6 декабря 1912 года Эренфест написал Иоффе:

"Мой дорогой, дорогой друг!

Последние два с половиной дня я буквально ликовал от счастья. Я очень и очень редко испытывал подобное состояние ранее в своей жизни..."

О причине этого состояния стоит рассказать подробно и по порядку, сопровождая этот рассказ собственными признаниями Эренфеста.

По традиции вступление на профессорский пост сопровождалось в Лейдене пышной церемонией, в которой участвовал чуть ли не весь город. Центральным ее моментом, кульминацией, была вступительная речь посвящаемого в сан, которую надо было прочесть непременно по писаному. Точнее - по печатному: текст надлежало заблаговременно отпечатать в типографии и разослать гостям. Доской или какими-либо иллюстрациями пользоваться не полагалось. В довершение выступать надо было в средневековом профессорском одеянии - мантии и шапочке. При всем том речь надо было произнести красиво и главное - понятно для всей собирающейся на такие церемонии разношерстной публики.

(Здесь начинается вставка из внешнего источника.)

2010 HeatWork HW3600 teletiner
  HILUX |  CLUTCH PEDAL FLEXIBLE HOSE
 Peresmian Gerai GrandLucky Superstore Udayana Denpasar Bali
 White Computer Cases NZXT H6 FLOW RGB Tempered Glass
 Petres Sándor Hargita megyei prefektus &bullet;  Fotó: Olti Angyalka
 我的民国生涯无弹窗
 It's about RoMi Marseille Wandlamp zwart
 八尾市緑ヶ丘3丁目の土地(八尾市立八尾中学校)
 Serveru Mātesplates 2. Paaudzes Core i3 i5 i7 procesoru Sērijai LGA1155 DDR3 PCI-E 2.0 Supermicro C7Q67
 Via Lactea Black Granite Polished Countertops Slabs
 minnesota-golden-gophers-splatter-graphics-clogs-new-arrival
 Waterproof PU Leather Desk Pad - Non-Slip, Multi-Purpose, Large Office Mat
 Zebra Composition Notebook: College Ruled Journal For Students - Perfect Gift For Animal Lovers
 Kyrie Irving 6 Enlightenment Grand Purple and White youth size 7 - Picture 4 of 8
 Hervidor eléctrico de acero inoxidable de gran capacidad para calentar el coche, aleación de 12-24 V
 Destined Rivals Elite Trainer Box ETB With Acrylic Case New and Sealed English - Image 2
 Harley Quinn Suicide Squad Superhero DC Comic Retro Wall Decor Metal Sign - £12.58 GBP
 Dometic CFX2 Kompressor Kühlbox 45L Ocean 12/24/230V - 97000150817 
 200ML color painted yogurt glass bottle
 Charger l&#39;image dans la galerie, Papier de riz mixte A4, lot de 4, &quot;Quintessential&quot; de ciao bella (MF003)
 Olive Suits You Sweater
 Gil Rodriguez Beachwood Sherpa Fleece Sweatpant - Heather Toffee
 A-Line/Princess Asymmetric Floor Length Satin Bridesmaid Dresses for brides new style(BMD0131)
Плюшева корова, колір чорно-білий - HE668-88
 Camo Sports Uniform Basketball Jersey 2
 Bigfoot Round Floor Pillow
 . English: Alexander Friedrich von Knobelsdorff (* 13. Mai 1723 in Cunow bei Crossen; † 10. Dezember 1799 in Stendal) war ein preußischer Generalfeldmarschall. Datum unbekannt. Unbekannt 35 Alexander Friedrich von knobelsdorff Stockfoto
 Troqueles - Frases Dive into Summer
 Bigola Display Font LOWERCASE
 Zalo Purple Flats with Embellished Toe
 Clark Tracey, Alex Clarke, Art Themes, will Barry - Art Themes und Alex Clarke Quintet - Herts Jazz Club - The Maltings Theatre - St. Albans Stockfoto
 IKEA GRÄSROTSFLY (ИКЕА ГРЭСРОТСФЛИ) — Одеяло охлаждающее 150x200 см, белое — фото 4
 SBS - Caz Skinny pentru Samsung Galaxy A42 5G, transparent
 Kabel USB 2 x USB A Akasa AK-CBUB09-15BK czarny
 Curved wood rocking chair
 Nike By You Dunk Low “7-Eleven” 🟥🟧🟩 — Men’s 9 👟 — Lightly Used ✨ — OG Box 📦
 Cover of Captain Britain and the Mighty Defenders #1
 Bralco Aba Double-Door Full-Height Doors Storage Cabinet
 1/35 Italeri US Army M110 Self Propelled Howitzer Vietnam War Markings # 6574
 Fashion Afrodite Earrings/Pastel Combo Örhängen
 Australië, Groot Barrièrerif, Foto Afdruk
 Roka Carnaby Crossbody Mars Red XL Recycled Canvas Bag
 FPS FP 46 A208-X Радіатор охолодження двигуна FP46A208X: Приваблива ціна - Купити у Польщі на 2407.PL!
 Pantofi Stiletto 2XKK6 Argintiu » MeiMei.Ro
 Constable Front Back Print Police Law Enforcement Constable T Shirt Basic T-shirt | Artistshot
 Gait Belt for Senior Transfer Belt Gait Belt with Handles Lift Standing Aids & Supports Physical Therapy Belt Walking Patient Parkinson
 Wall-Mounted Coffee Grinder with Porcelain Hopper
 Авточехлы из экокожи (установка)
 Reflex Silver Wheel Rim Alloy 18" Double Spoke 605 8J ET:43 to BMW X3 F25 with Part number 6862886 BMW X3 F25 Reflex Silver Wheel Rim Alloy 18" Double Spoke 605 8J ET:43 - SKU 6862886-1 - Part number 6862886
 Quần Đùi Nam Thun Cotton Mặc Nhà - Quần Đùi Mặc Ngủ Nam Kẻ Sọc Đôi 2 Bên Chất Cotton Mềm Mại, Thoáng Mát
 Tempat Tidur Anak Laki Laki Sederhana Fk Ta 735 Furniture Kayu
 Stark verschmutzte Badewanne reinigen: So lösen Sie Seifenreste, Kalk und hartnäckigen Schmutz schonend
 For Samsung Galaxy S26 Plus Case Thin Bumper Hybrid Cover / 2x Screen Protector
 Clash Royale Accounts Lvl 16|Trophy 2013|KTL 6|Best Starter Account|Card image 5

Для Эренфеста эта церемония началась с неприятностей. Случилось так, что из-за хлопот, связанных с переездом, неустроенной жизнью в гостинице, бесконечными утомительными визитами, последующим переселением в новый дом, он никак не мог взяться за речь. Срок ритуала быстро приближался, а у него не было написано ни строчки. Наконец он засел за работу и, как одержимый, стал писать с десяти утра до двух ночи ежедневно. Однако чем дальше продвигалось дело, тем, казалось ему, получалось все хуже и хуже. И отчаяние все больше овладевало им.

Вечер накануне назначенного дня. Одиннадцать часов. Павел Сигизмундович, бледный, взъерошенный, с воспаленными глазами, сидит над кучей мелко исписанных, исчерканных листков. Он чувствует: катастрофа неотвратима.

До половины второго он опять черкает, потом, на пределе изнеможения, зовет Татьяну Алексеевну и дает ей переписать, что осталось. А сам ложится спать. Но, разумеется, ему не спится. Лезут в голову кошмарные сцены. Вот он всходит на кафедру. Говорит что-то, но чувствует, что ничего связного не получается. Так, лепет. Самое страшное: он осознает, что этого связного нет и в тех листках, которые он держит перед собой... В зале ропот недоумения. Лоренц краснеет и опускает глаза. Кое-кто поднимается, идет к выходу из зала... Господи, да что же это такое!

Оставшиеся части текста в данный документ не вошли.